──────── Provided information

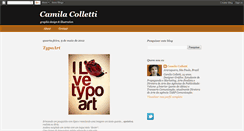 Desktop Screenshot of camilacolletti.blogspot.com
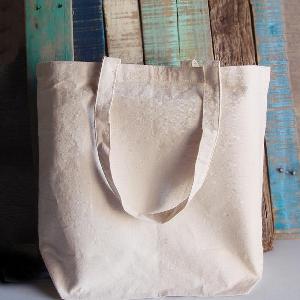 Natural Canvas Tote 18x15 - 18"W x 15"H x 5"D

────────────────
──────── Provided information

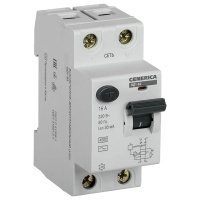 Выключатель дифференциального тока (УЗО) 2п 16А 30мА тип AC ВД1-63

────────────────
──────── Provided information

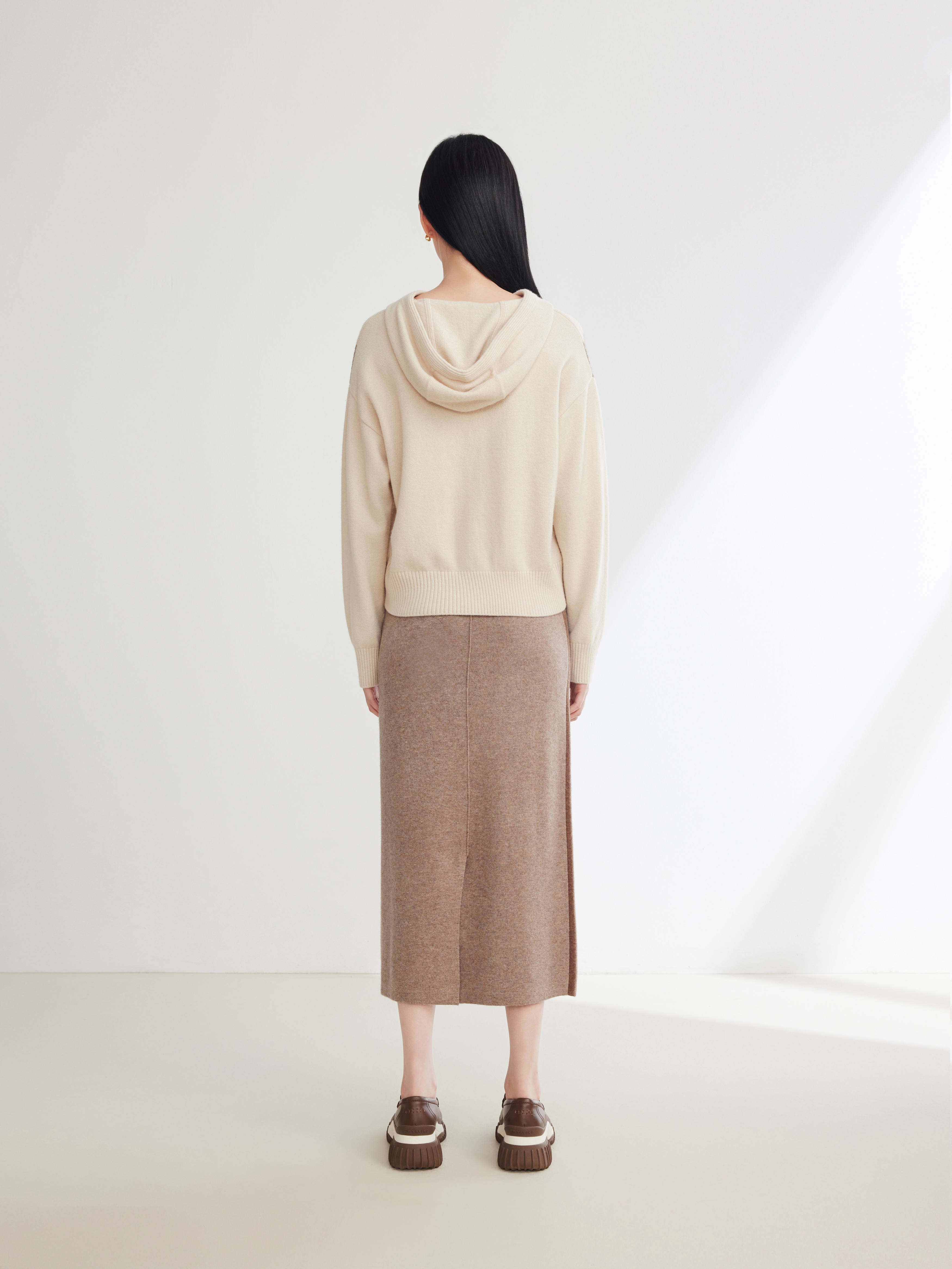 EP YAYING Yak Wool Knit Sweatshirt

────────────────

• _What is required_: With the pictures omitted, copy the entries above exactly from the line containing "Desktop Screenshot of" through the line containing "Natural Canvas Tote", both lines included.

• _Answer to the problem_:
 Desktop Screenshot of camilacolletti.blogspot.com
 Natural Canvas Tote 18x15 - 18"W x 15"H x 5"D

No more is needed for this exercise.